# Dwarf gourami is pregnant. What now?



## Sylvia27

Hi:

I have a dwarf gourami that is pregnant. I don't know what to do now. 
In the same tank are a couple of angels who in the past have eaten their own eggs. 

I have a plastic breeding box, but from what I understand, the male fish needs to fertilize the eggs, so the eggs need to remain accessible for a while. 
How can I see they have been fertilized?
Can I place them in the frybox after?
Any suggestions?

Thanks.

Sylvia


----------



## Puffer Pita

IME and research, dwarf gourami will ONLY mate and spawn in a separate tank on their own, no water movement at all, no filter, and live plants. He will build an extensive nest with bubbles and pieces of plants, then when its ready and she's willing, they'll dance, he'll turn her upside down, and while upside-down, she'll lay the eggs and he'll fert them. Then he'll put another layer of bubbles and plants under them. The female will then need to be removed, as he will become very aggressive towards her, and once the eggs start to hatch, he'll need to be removed or he'll eat them.

I recently had mine do this. It took several weeks and was fascinating to watch.

If they are not given a place to spawn, she'll either drop the unfertilized eggs or her body will reabsorb them.


----------



## Sylvia27

*Pregnant dwarf gourami*

Thanks for your reply Tina. 

Well, in my situation, the mating has taken place in a tank with other fish, ventilation and live plants. 

The fish is pregnant. I put her in a breeding box, but then, I'm not sure what to do. I will put the male in there as well. The eggs will hopefully get fertilized the way you describe it, whereafter they will fall under the griddle of the breeding box.

I have a 5 gallon fishbowl where I could put them, but it's not heated. 
Would you recommend me to put them (the gourami family) or the fry in there? 

Sylvia


----------



## Puffer Pita

I wouldn't recommend putting them in an unheated bowl.


----------



## Sylvia27

It will be room temperature and it's pretty warm in my house.
I can put the 2 dwarf gouramis in there.

The only alternative would be to leave the fish in the big tank with the other fish. I'm afraid the breeding box is too small to accomodate 2 gouramis doing a bubble dance...

Outside the breeding box, the eggs will be eaten right away. 

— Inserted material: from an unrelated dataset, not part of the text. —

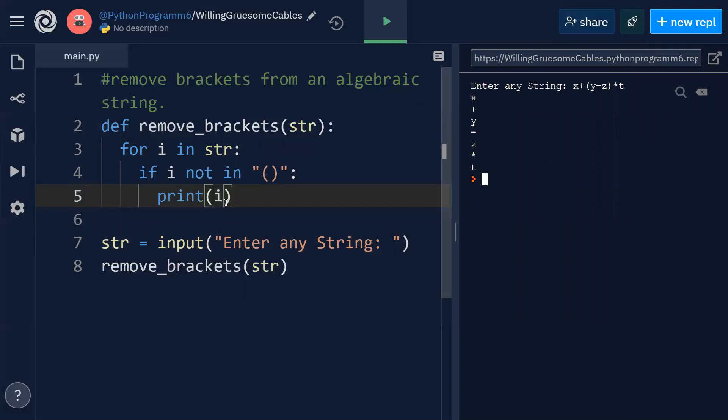Now you have to print without parenthesis and we are able to print without parenthesis, but the thing is since it is an iteration, it is printing line by line.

Then I have another question. You mention they only mate in an environment without plants, but then they use pieces of plants for their nests?

Sylvia


----------



## Puffer Pita

Sorry, I wrote that badly. I meant no water movement, no filter, but WITH live plants. I apologize for confusing you.

If the only alternative is the 5g tank, then you could use that but make sure its cycled. I'm not sure room temp is going to be warm enough, as I've read they need it to be low to mid 80s to spawn, but you could try it. I definitely wouldn't attempt it in a breeder box though. Use some filter media, gravel, decor, any sort of surface area you can from an established tank to seed it and speed up the cycle.

The eggs won't fall, they get stuck up in the bubble nest with a layer of bubbles and plant pieces above and below, they're sandwiched in-between. The eggs hatch in there and the fry stay there for about 3 days before venturing out.


----------